Pleural effusion.A nonproductive cough along with dyspnea, pleuritic chest pain, and decreased
chest motion are characteristic of pleural effusion. Other findings include a pleural friction rub,
tachycardia, tachypnea, egophony, flatness on percussion, decreased or absent breath sounds, and
decreased tactile fremitus.
With mycoplasma pneumonia, a nonproductive cough arises 2 or 3 days after the onset of
malaise, a headache, and a sore throat. The cough can be paroxysmal, causing substernal chest
pain. Fever commonly occurs, but the patient doesn't appear seriously ill.
Viral pneumonia causes a nonproductive, hacking cough and the gradual onset of malaise,
headache, anorexia, and a low-grade fever.
Tularemia.Signs and symptoms of tularemia following inhalation of the organism include the
abrupt onset of a fever, chills, a headache, generalized myalgia, a nonproductive cough, dyspnea,
pleuritic chest pain, and empyema.
Other causes
Diagnostic tests.Pulmonary function tests (PFTs) and bronchoscopy may stimulate cough
receptors and trigger coughing.
Nursing considerations
▪ A nonproductive, paroxysmal cough may induce life-threatening bronchospasm; the patient
may need a bronchodilator to relieve his bronchospasm and open his airways.

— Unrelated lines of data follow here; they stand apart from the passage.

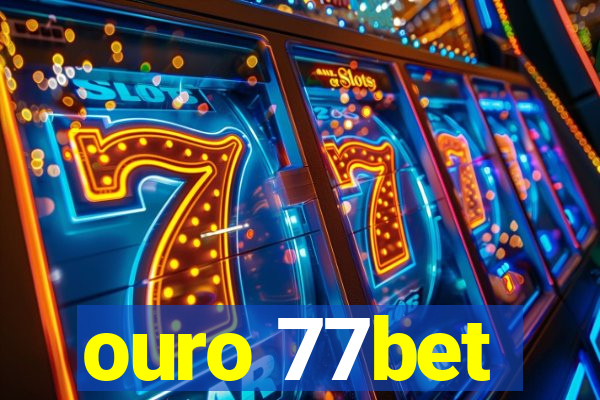 ouro 77bet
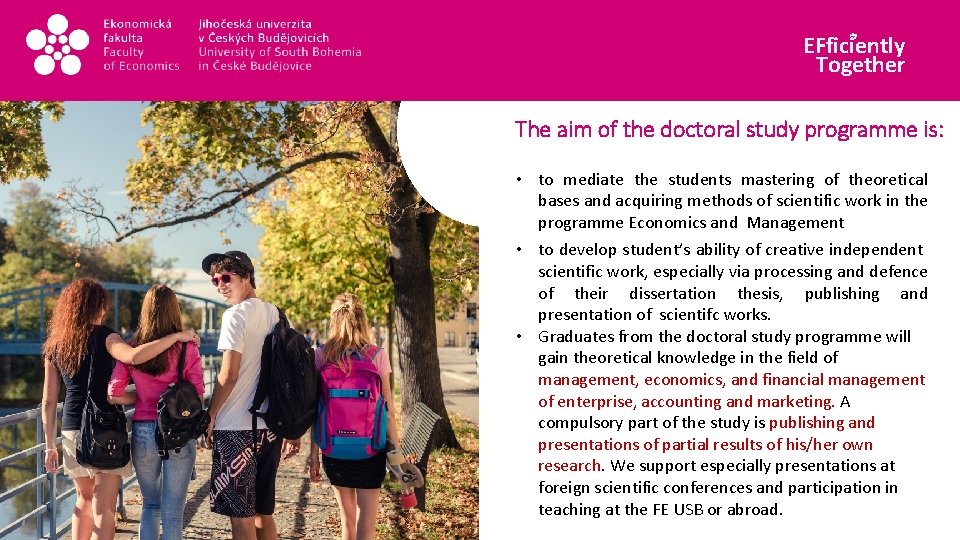 EFficiently Together The aim of the doctoral study programme is: • to mediate the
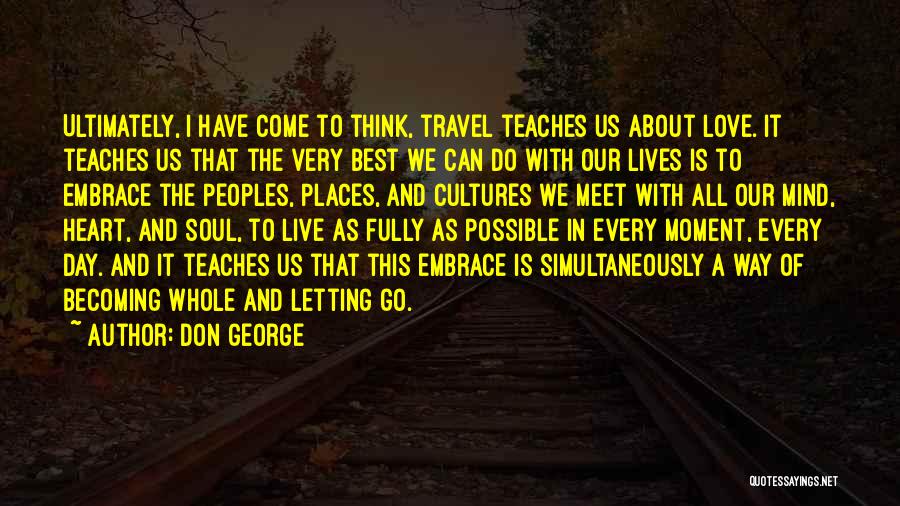 Places The Us Can Travel Quotes By Don George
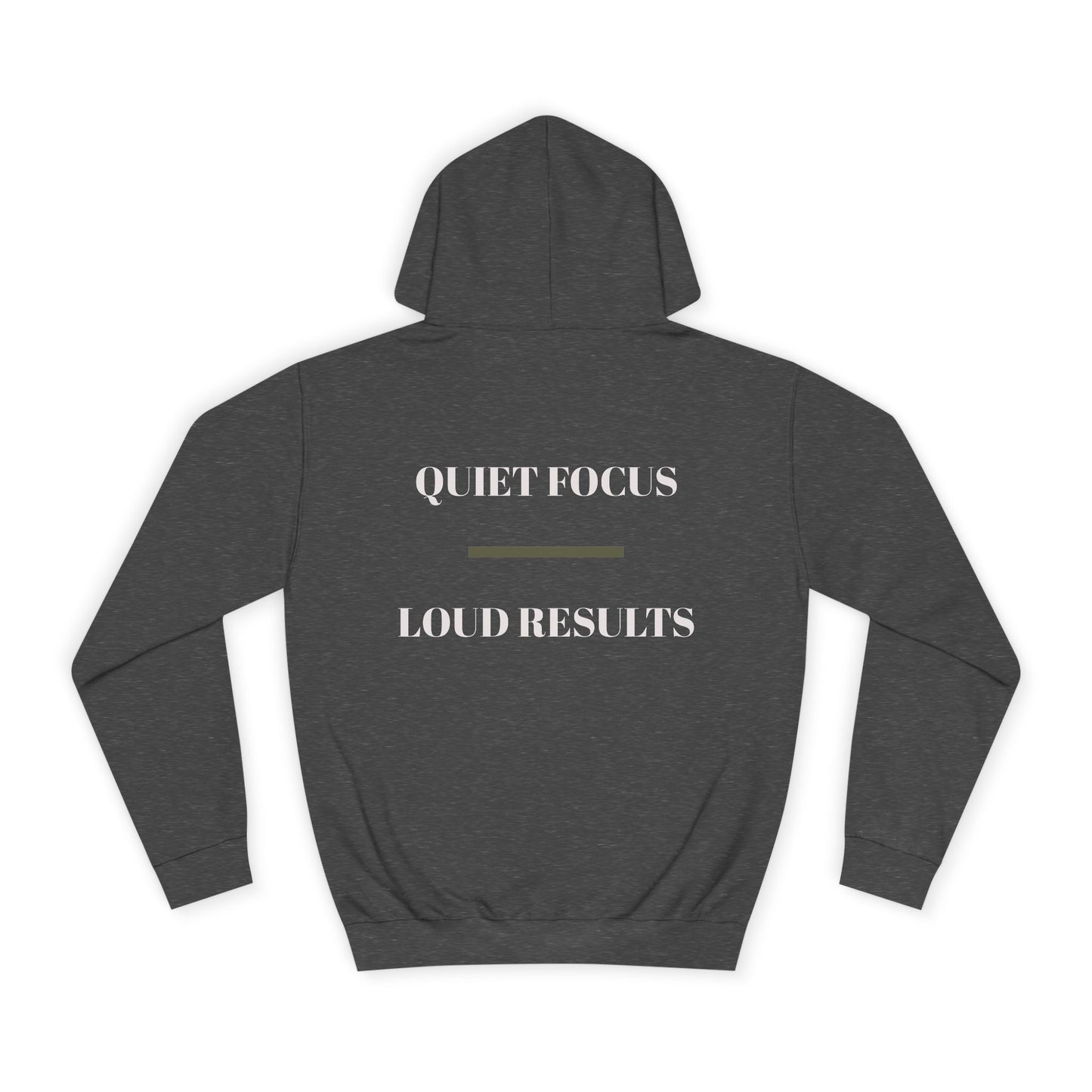 EGO MD Mindset- QUIET FOCUS LOUD RESULTS Hoodie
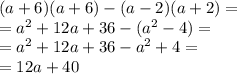 (a + 6)(a + 6) - (a - 2)(a + 2) = \\ = {a}^{2} + 12a + 36 - ( {a}^{2} - 4) = \\ = {a}^{2} + 12a + 36 - {a}^{2} + 4 = \\ = 12a + 40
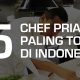 5 Chef Pria Paling Top di Indonesia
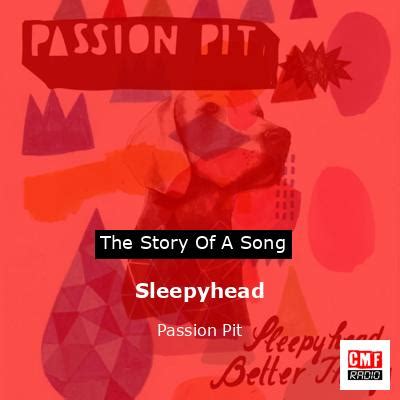 sleepyhead passion pit meaning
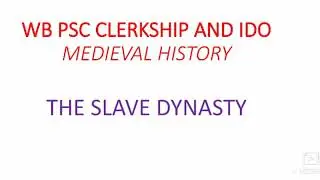 WBPSC CLERKSHIP & IDO EXAM#MEDIEVAL HISTORY#SLAVE DYNASTY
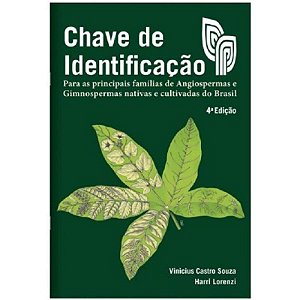 Livro Chave de Identificacao - para as Principais Familias de Angiospermas e Gimn - Souza/ Lorenzi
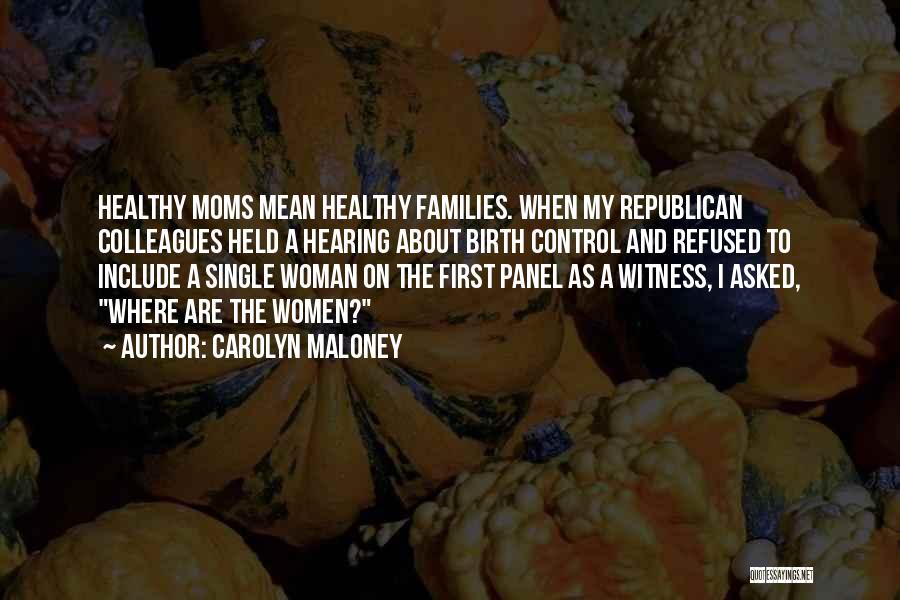 Healthy Families Quotes By Carolyn Maloney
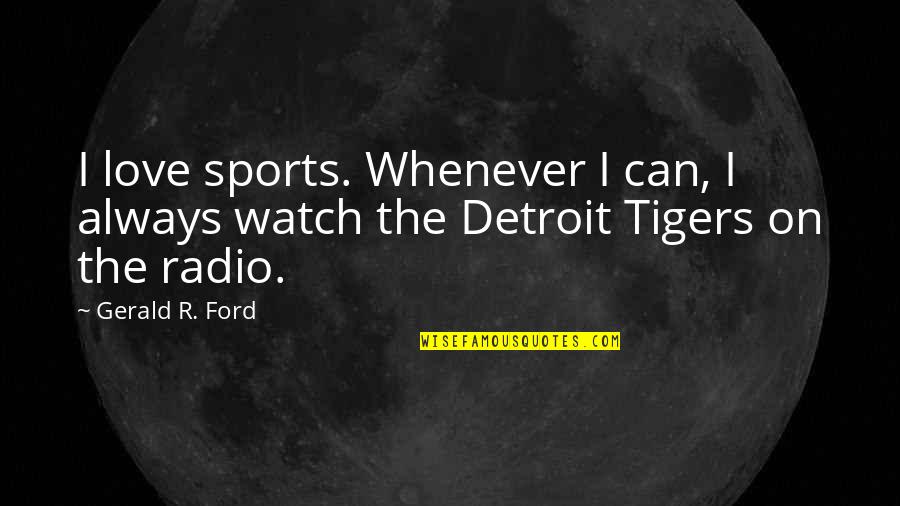 Green Bay Packers Coach Quotes By Gerald R. Ford: I love sports. Whenever I can, I always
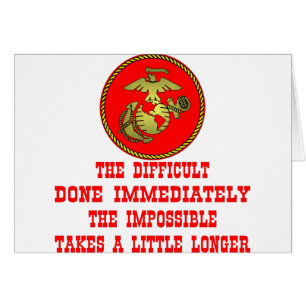 USMC The Difficult Done Immediately The Impossible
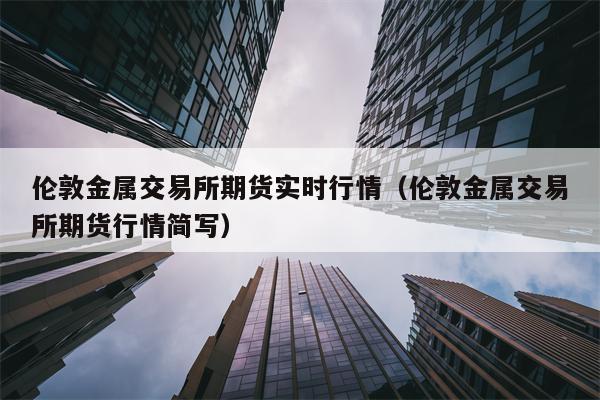 伦敦金属交易所期货实时行情（伦敦金属交易所期货行情简写）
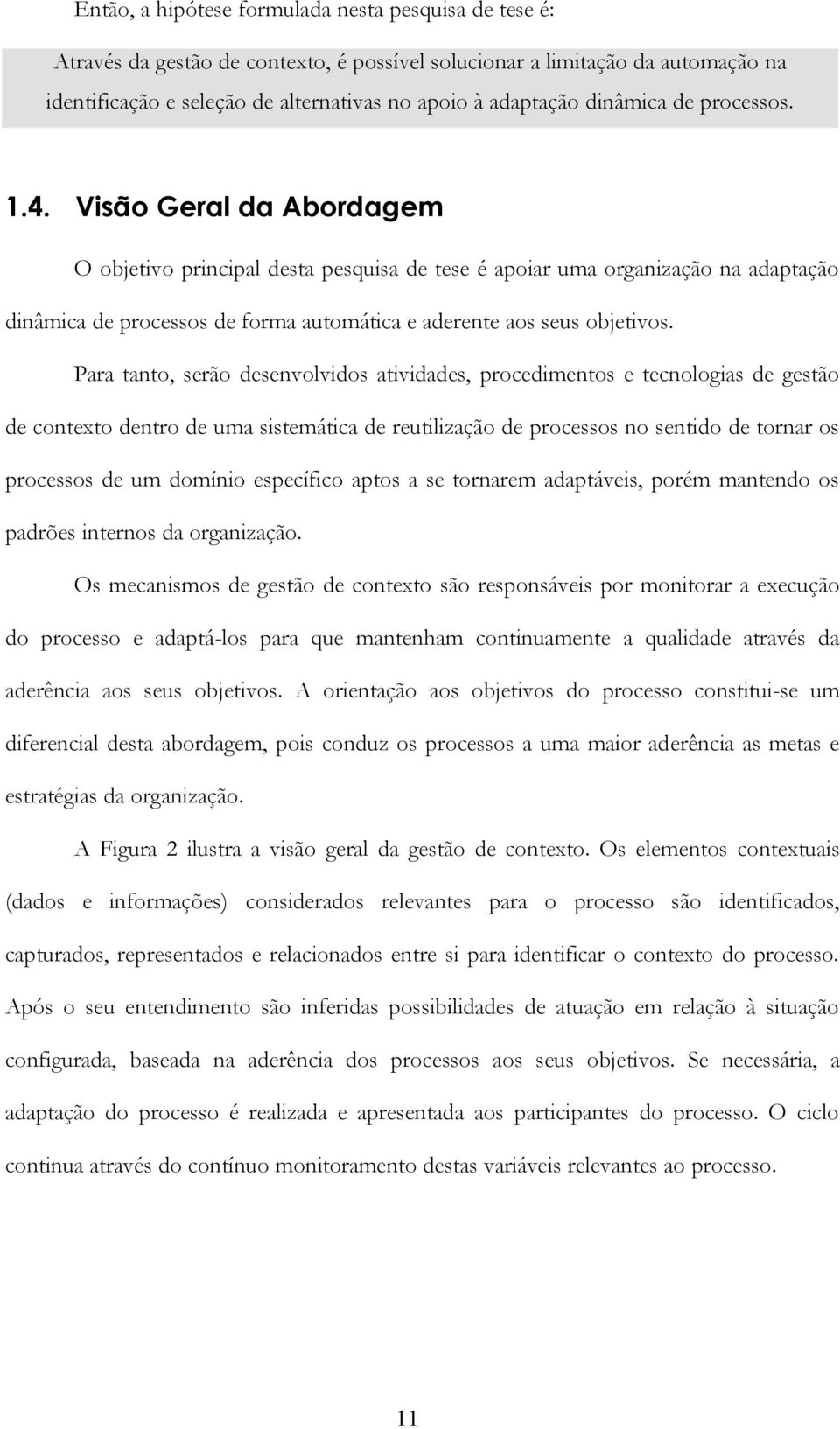 Visão Geral da Abordagem O objetivo principal desta pesquisa de tese é apoiar uma organização na adaptação dinâmica de processos de forma automática e aderente aos seus objetivos.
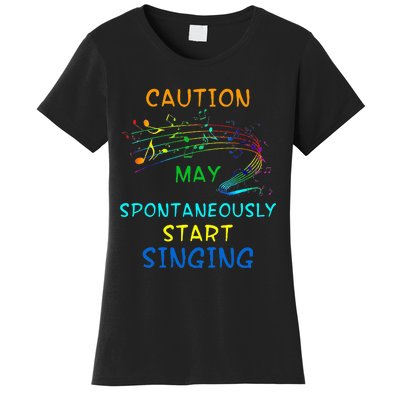 Singing Music Lover Caution May Start Singing Women's T-Shirt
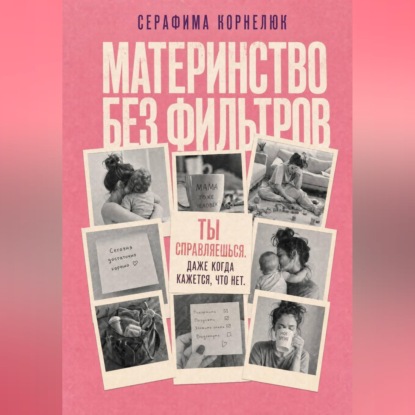 Аудиокнига «Материнство без фильтров. Ты справляешься. Даже когда кажется, что нет», Серафима Корнелюк
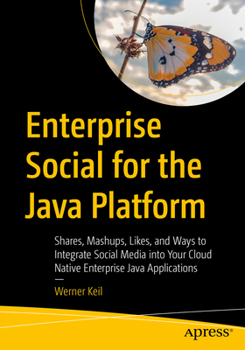 Paperback Enterprise Social for the Java Platform: Shares, Mashups, Likes, and Ways to Integrate Social Media Into Your Cloud Native Enterprise Java Application Book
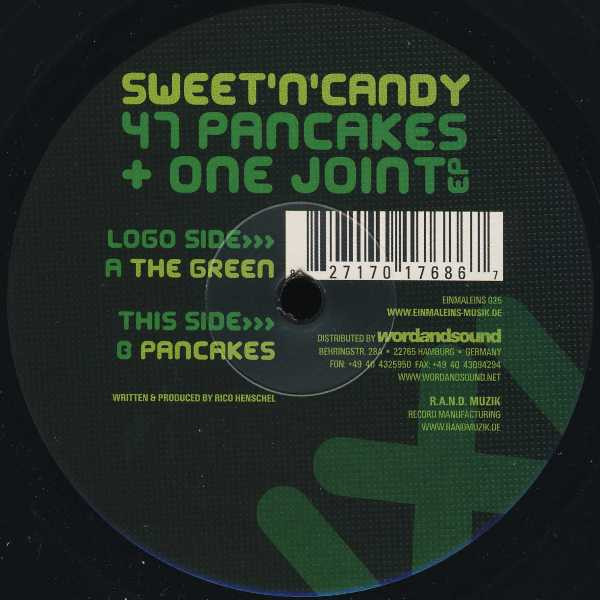 Sweet 'n Candy - 47 Pancakes + One Joint EP | Einmaleins Musik (EINMALEINS 025) - main Sweet 'n Candy - 47 Pancakes + One Joint EP | Einmaleins Musik (EINMALEINS 025) - main
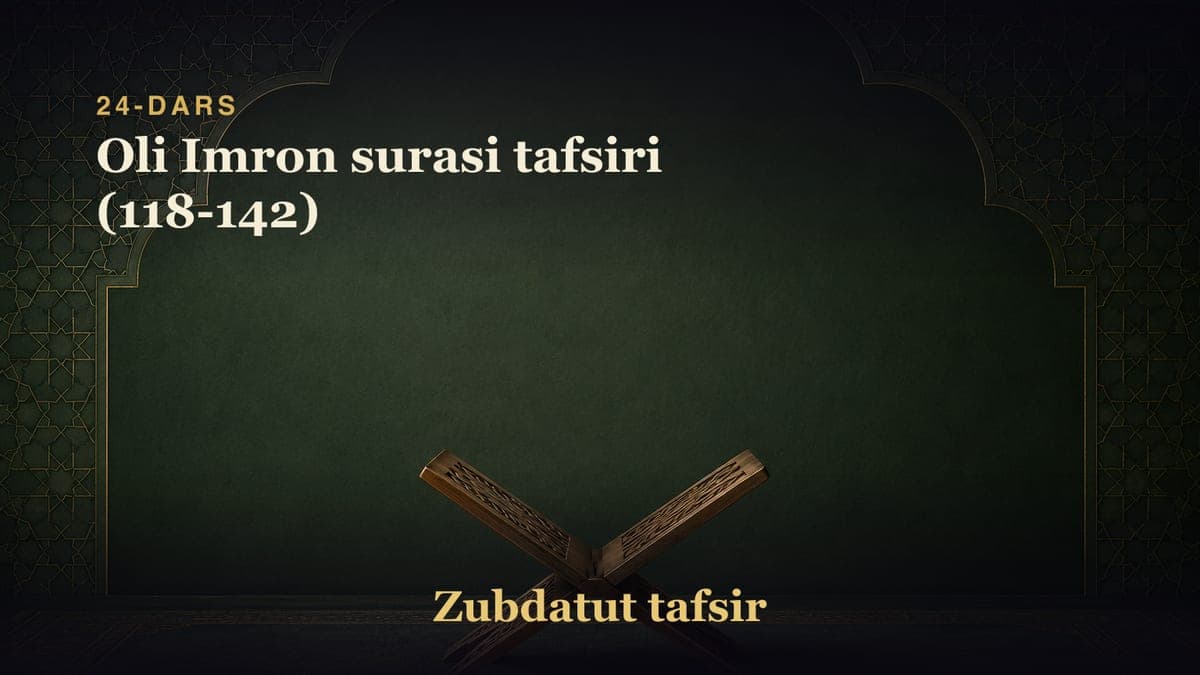 24-dars: Oli Imron surasi tafsiri (118-142)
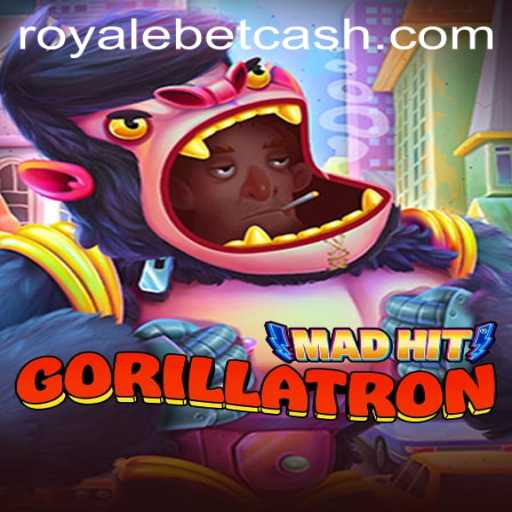 MadHitGorillatron: The Exciting Adventure in ROYALE BET
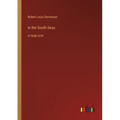 In the South Seas: in large print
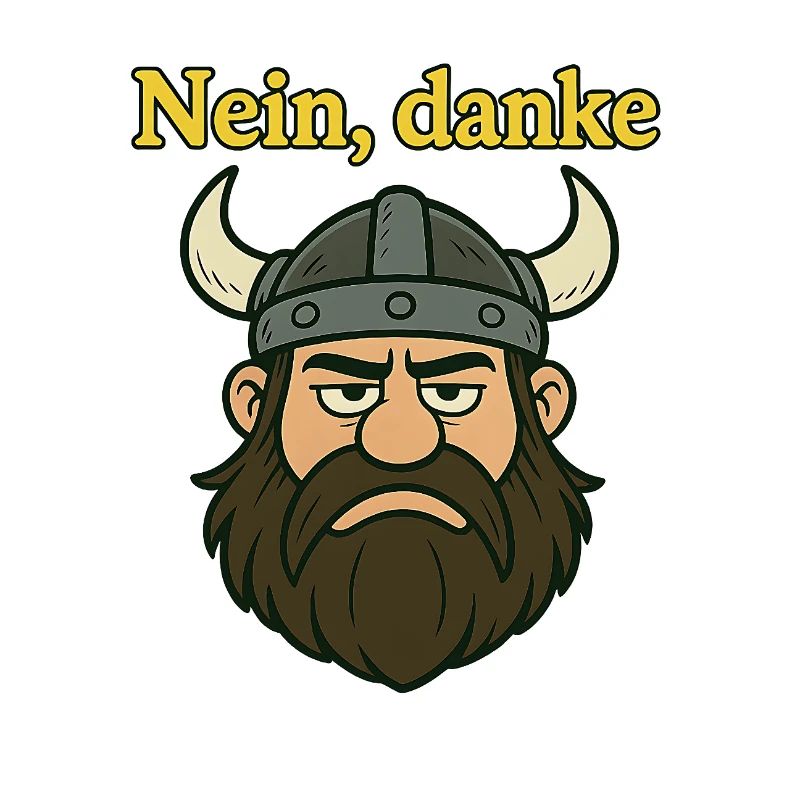 Nein, danke...witziger Wikinger
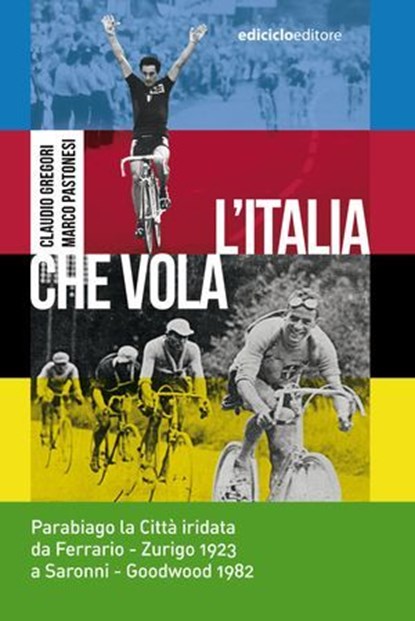 L'Italia che vola, Marco Pastonesi ; Gregori Claudio - Ebook - 9788865496329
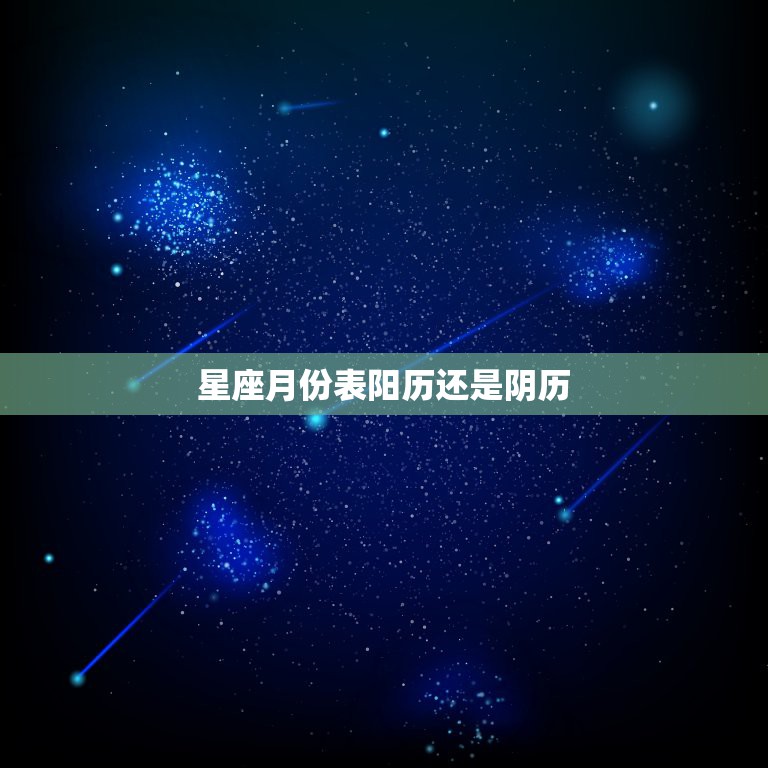 星座月份表阳历还是阴历，星座查询是阳历还是阴历 星座查询表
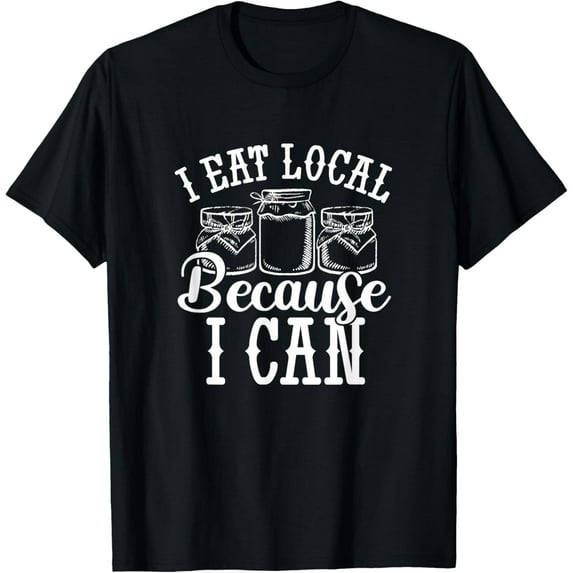 I Eat Local Because I Can Canning Homesteading Canner Farmer T-Shirt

▪ Unless he has chronic obstructive pulmonary disease, you may have to give the patient an
antitussive and a sedative to suppress the cough.
▪ To relieve mucous membrane inflammation and dryness, humidify the air in the patient's room.
▪ Prepare the patient for diagnostic tests, such as X-rays, a lung scan, bronchoscopy, and PFTs.
Patient teaching
▪ Teach the patient to use a humidifier if his home is dry.
▪ Tell him to avoid using aerosols, powders, or other respiratory irritants—especially cigarettes.
▪ If the patient smokes, stress the importance of smoking cessation, and refer him to appropriate
resources, support groups, and information to help him quit smoking.
▪ Explain the importance of adequate fluids and nutrition.
▪ Explain to the patient the cause of his cough and the treatment plan.